# Calculating forecast error with time series cross-validation

I have a forecasting model for a time series and I want to calculate its out-of-sample prediction error. At the moment the strategy I'm following is the one suggested on Rob Hyndman's blog (near the bottom of the page) which goes like this (assuming a time series $y_1,\dots,y_n$ and a training set of size $k$)

1. Fit the model to the data $y_t,\dots,y_{t+k-1}$ and let $\hat{y}_{t+k}$ be the forecast for the next observation.
2. Compute the forecast error as $e_{t} = \hat{y}_{t+k} - y_{t+k}$.
3. Repeat for $t=1,\dots,n-k$
4. Compute the mean square error as $\textrm{MSE}=\frac{1}{n-k}\sum_{t=1}^{n-k} e_t^2$

My question is how much I have to worry about correlations because of my overlapping training sets. In particular, say I want to forecast not only the next value, but the next $m$ values, so that I have predictions $\hat{y}_{t+k},\dots,\hat{y}_{t+k+m-1}$ and errors $e_{t,1},\dots,e_{t,m}$, and I want to construct a term-structure of prediction errors.
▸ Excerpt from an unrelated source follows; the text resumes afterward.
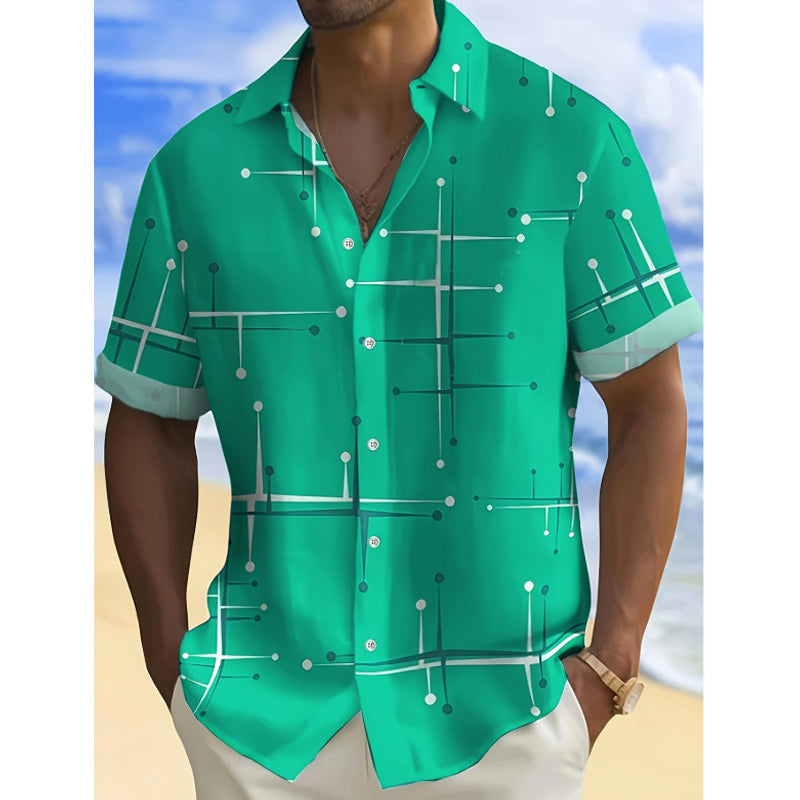 Camisa abotonada de corte holgado con estampado geométrico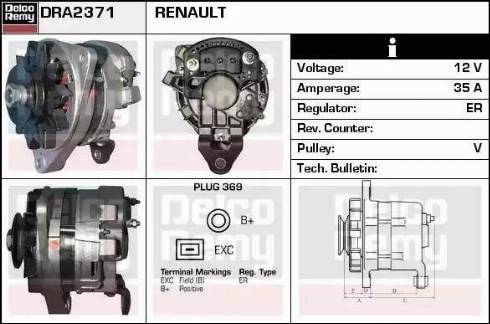 Remy DRA2371 - Alternator autospares.lv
Can I still roll the window of the training set forward by 1 each time, or should I roll it forward by $m$? How do the answers to these questions change if there is significant autocorrelation in the series that I'm predicting (conceivably it is a long-memory process, i.e. the autocorrelation function decays as a power law rather than exponentially.)

I'd appreciate either an explanation here, or links to somewhere where I can find theoretical results about the confidence intervals around the MSE (or other error measures).